In a world where privacy is becoming a necessity, not a luxury, I’m asking you to consider using alternatives to Google services. Google Play Services have become a mandatory dependency on almost every Android phone, and it’s getting ridiculous.
Users of privacy-focused ROMs like GrapheneOS disable Google services by default for security and privacy. When your app refuses to work without GMS, you’re basically telling these users to go away. And trust me, there are more of us than you think.
Look, I’m not saying you need to make everything completely free or work for charity. We all need to pay bills. But please, give people CHOICE. If you’re worried about stock Android users, you can support multiple notification methods. Some apps already do this brilliantly, letting users pick between FCM (for stock Android), WebSockets and UnifiedPush.
Here are alternatives:
Push Notifications
Firebase Cloud Messaging (FCM) → UnifiedPush
UnifiedPush is decentralized, privacy-first, and works on de-Googled devices. You can use the public ntfy server or self-host your own.

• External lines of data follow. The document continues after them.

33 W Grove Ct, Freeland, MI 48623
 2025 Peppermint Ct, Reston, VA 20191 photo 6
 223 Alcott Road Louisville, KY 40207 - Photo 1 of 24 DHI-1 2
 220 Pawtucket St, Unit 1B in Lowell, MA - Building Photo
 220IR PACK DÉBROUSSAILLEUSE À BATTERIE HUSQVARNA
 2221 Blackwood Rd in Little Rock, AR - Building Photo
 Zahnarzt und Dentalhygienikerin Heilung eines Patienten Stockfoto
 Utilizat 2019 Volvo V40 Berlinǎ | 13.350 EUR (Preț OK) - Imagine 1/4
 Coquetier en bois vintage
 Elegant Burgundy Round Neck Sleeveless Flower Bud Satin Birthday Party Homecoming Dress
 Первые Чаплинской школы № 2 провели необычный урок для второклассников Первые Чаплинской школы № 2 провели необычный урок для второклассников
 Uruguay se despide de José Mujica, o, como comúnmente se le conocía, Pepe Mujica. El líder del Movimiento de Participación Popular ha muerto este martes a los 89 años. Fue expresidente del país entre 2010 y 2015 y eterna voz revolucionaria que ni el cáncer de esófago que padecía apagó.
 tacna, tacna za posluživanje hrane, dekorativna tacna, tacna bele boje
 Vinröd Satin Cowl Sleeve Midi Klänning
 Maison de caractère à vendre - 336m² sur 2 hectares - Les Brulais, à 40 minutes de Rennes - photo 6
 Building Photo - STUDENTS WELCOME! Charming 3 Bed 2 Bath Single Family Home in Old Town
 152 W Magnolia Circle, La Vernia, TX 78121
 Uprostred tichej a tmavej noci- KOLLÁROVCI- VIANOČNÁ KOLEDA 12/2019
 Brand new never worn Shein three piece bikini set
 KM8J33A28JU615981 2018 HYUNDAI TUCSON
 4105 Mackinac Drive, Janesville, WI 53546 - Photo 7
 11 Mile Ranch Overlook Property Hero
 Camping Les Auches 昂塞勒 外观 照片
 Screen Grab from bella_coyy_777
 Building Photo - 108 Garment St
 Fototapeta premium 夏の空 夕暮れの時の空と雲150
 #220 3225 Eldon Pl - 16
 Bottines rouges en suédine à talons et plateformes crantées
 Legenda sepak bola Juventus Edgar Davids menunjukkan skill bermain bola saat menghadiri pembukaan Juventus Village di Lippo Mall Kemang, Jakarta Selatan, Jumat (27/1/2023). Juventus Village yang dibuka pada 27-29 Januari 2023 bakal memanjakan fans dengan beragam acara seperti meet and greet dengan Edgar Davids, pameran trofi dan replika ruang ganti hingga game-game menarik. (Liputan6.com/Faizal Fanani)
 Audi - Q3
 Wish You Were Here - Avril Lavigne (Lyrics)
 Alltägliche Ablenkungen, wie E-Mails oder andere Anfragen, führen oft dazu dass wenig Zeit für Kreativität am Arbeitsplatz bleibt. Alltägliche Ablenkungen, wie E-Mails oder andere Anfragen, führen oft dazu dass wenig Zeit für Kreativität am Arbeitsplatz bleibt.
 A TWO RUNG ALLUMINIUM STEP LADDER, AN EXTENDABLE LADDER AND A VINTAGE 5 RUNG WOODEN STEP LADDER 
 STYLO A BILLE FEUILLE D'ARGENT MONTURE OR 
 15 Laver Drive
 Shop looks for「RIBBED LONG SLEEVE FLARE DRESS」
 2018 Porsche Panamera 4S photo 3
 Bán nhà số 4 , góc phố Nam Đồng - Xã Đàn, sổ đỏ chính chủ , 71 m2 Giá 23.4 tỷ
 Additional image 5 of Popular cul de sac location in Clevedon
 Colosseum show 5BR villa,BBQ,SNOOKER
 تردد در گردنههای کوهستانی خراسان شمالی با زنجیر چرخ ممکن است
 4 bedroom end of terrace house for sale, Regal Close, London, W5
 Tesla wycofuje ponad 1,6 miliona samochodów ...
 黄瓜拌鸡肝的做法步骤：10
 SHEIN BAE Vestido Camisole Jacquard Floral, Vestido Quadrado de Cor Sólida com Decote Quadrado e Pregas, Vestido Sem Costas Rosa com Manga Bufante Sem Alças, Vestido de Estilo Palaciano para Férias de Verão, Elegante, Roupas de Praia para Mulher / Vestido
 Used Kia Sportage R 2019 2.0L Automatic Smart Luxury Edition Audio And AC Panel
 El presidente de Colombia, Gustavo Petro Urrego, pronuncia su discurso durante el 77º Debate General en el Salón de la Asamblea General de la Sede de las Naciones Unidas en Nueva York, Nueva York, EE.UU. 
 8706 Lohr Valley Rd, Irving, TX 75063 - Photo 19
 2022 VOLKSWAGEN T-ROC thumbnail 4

Backend / Firebase Alternatives
Google Firebase → Supabase / Appwrite / Parse Server / Nhost / PocketBase
Both Supabase and Appwrite are open-source and self-hostable. Supabase uses PostgreSQL for relational data, while Appwrite offers document-based storage. Pick what fits your stack.
Analytics
Google Analytics → Matomo / Plausible
Matomo is open-source with 100% data ownership and can be self-hosted. Plausible doesn’t use cookies and doesn’t collect personal data. Both are GDPR-compliant out of the box.
Maps (API)
Google Maps API → OpenStreetMap API
Authentication
Google Sign-In → Keycloak / WebAuthn
Keycloak is open-source identity and access management. WebAuthn is an open standard.
Crashlytics / Monitoring
Google Crashlytics → Sentry / OpenTelemetry
Sentry is open-source and widely adopted. OpenTelemetry is a CNCF project for observability.
Payment Systems
This one’s tricky. There aren’t really “privacy-friendly” traditional payment processors. You can use alternatives to Google Play Billing (so payments work without Google services), or integrate cryptocurrency for more private transactions. But honestly, this area still needs better solutions.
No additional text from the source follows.